TITLE: "All the Pretty Horses"

RATING: PG-13 (Occasional profanity, graphic violence and sexual candor)

CREDITS: Directed by Billy Bob Thornton.

RUNNING TIME: 116 minutes

Matt Damon is having his first bad year as a movie star. An uninspired object of reforming solicitude in "The Legend of Bagger Vance," he looks at once too old and too reserved for the role of an unwary, romantically susceptible young Texas wrangler in the movie version of "All the Pretty Horses," which has realization problems that extend well beyond Mr. Damon's miscasting.

At most, the cowpoke John Grady Cole, who embarks on a booby-trapped sojourn to Mexico with his pal Lacey Rawlins, should appear to be barely out of his teens.

Henry Thomas, cast as Lacey, perhaps can draw on residual memories of his Elliott in "E.T.," but he was 28 and Mr. Damon 29 when "Horses" was filmed on locations in Texas and New Mexico. There's not much reason for either of them to persist in playing men a decade younger.

The fact that Lucas Black, cast as an unwanted companion named Blevins, is still a teen-ager aggravates the credibility problems; it's easier to find him authentic and interesting.

Unfortunately, the plot is calculated to discard him because John Grady is the one who should remain the center of attention and empathy, especially after he plunges into a foolhardy love affair with the daughter of a wealthy Mexican rancher and then spends harrowing time behind bars with Lacey.

The ostensible time frame is the late 1940s. It's quite a wonder that the two get out alive, especially because the movie doesn't make a persuasive case for their resourcefulness or tenacity.
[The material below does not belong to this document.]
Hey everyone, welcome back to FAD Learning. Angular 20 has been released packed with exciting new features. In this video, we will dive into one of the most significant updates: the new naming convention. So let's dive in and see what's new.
Matt Damon's movie appearances date back to 1988, when he had a role in "Mystic Pizza" at the age of 18. His recent ascent has been pretty impressive: "Courage Under Fire," in which he was a terrific secret weapon, in 1996; the sleeper "Good Will Hunting," which won him a share in an Oscar for screenwriting, in 1997; "Saving Private Ryan" and "Rounders" in 1998; "The Talented Mr. Ripley" this time last Christmas. The inevitable downturn seems to have hit him and the stock market simultaneously.
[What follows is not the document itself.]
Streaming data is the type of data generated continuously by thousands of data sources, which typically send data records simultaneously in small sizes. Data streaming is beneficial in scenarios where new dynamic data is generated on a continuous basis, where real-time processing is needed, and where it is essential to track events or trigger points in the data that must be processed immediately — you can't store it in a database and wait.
Cormac McCarthy's prestigious best seller might have been a foolhardy movie project. Screenwriter Ted Tally and director Billy Bob Thornton (who earlier cast Lucas Black as the juvenile lead in "Sling Blade") seem to linger in a reverential trance, which might be ascribed to excessive deference toward a literary source.

Evocative prose rather than adequate dramatization would appear to be Mr. McCarthy's strong point. The failure to reinforce "All the Pretty Horses" at banal, common-sense levels of presentation and motivation begins plaguing the odyssey of John Grady and Lacey at an early point.
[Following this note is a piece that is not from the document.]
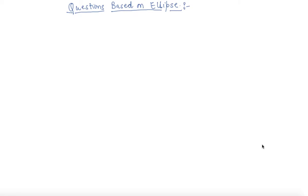Hello students, my name is Sumit Mehta. In this lecture, we will discuss some questions based on ellipse. In the last lecture we discussed important terms and the equation of ellipse, so now we will discuss questions based on it.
By the time they need to make a getaway, so many hitches are stalling the gitalong that "All the Pretty Horses" might as well be hobbled and stabled. It can't make any headway, especially when dependent on suspense or plausibility.

Something demonstrably impulsive or lovelorn needs to vibrate in Mr. Damon to authenticate the improbably sudden infatuation with Penelope Cruz as seemingly out-of-his-league Alejandra. Because her father has hired gringos John Grady and Lacey in good faith, with no hint of prejudice or suspicion in his nature, risking a fling with the resident family treasure seems far more stupid than ingratiating or compelling.

Impassioned looks and torrid clinches might help, but the director and performers prove absurdly slack in that area of make-believe.

At any rate, the primal emotions and conflicts necessary for rationalizing a "forbidden" romance and a perilous situation remain somewhere beyond the picturesque far horizons of "All the Pretty Horses."